Copyright 2012 Stephen Russell-Lacy
Author of  Heart, Head & Hands  Swedenborg’s perspective on emotional problems

Love the enemy – But how to do this?

love the enemyI know who my enemy is: the individual who maliciously damages my property: tramps all over the flower-bed in the garden: scratches the car with a key: trashes the home during a burglary. I feel angered by anyone who threatens to harm my sense of well-being. These are the people I want to complain about and get my own back on. So how on earth does one stop hating such people. How do you ‘love’ your enemy? Here are some tips I find useful.

Tip 1 on how to love the enemy

Step back from a situation. Then you can start to observe your angry thoughts. Begin to reflect on where they are getting you. When you are feeling angry remember that bitterness will inwardly eat away at your sense of contentment. On the other hand a less negative attitude to the person who has offended you hinders this horrible emotion staying with you. You can’t be positive and negative at the same time. One attitude removes its opposite.

Tip 2 on how to love the enemy

Consider whether becoming calm about your enemy helps your loved ones and friends around you remain calm. They would be affected by your anger, having to listen to your moaning about the person you resent. However, unless you stop your enemy hurting you, your family will feel you are a pushover and feel frustrated with you for this reason.

Tip 3 on how to love the enemy

Understand the harm you could cause to the children in your life by voicing contempt for someone. Children copy the role models provided by the adults around them. A child can readily imitate the idea it is okay to adopt a hate-filled contemptuous attitude. And you will have harmed their sense of right and wrong.

Tip 4 on how to love the enemy

When reflecting on some injustice done to you, bear in mind that we get a more fractured and divided society the more people there are who are filled with feelings of hate; a society where conflict and social disorder are more likely to emerge.
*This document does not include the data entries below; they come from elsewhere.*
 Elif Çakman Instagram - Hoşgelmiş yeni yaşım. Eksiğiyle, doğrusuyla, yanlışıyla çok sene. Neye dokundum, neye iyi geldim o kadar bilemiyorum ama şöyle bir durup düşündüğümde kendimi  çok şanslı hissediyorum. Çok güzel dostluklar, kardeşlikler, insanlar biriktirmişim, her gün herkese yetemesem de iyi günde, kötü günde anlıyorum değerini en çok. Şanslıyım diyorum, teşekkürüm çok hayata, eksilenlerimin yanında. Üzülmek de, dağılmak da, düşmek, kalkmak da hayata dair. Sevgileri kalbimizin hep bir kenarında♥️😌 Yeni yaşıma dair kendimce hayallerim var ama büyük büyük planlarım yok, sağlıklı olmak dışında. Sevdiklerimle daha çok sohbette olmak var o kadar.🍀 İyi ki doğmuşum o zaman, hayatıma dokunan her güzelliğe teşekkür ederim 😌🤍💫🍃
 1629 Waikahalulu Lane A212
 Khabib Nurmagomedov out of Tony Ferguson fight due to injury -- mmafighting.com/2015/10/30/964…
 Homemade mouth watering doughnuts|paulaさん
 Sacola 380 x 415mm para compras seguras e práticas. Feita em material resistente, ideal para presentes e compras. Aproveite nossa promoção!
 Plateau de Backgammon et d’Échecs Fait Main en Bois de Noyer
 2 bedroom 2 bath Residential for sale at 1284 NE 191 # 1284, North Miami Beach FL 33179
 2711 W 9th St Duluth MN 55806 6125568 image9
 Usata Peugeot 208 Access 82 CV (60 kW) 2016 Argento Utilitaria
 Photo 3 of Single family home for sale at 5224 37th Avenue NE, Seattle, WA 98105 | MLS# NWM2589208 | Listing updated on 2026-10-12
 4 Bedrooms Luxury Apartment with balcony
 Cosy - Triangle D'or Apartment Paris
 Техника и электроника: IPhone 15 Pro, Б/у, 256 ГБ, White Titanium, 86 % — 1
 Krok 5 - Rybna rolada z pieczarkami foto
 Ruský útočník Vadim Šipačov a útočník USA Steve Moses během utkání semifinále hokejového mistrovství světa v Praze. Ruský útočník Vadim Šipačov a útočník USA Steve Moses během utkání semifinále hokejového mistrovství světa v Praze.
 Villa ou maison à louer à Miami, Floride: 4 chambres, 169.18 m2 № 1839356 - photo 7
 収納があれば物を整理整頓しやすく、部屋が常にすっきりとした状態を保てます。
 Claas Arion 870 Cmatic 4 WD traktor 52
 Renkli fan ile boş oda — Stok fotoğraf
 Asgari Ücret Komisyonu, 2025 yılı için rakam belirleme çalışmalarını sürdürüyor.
And the opposite is true — if we all can overcome enmity, and learn to forgive those whom have hurt us, then society is better off in so many ways. Reconciliation that involves compensation for injury can be extremely powerful and important.  Getting on better with an enemy would improve the lives of two people at the same time.

Tip 5 on how to love the enemy

Make a fair assessment of your enemy’s actions. Try to hate the wrong-doing rather than the wrong-doer, the action rather than the perpetrator. This will help you to focus on trying to prevent any repeat of the behaviour that made you so angry.

Tip 6 on how to love the enemy

See times of hate within yourself as a challenge to your growing maturity. Don’t take the Gospel phrase about turning the other cheek in a literal way. The message is not about masochism but rather about not automatically fighting back when injured. Do what you can to stop the enemy behaving badly towards you whilst remembering that a heavenly state of mind is to take no delight in any act of retaliation or revenge. Our spiritual challenge is to adopt a charitable attitude to everyone including those who behave badly towards us.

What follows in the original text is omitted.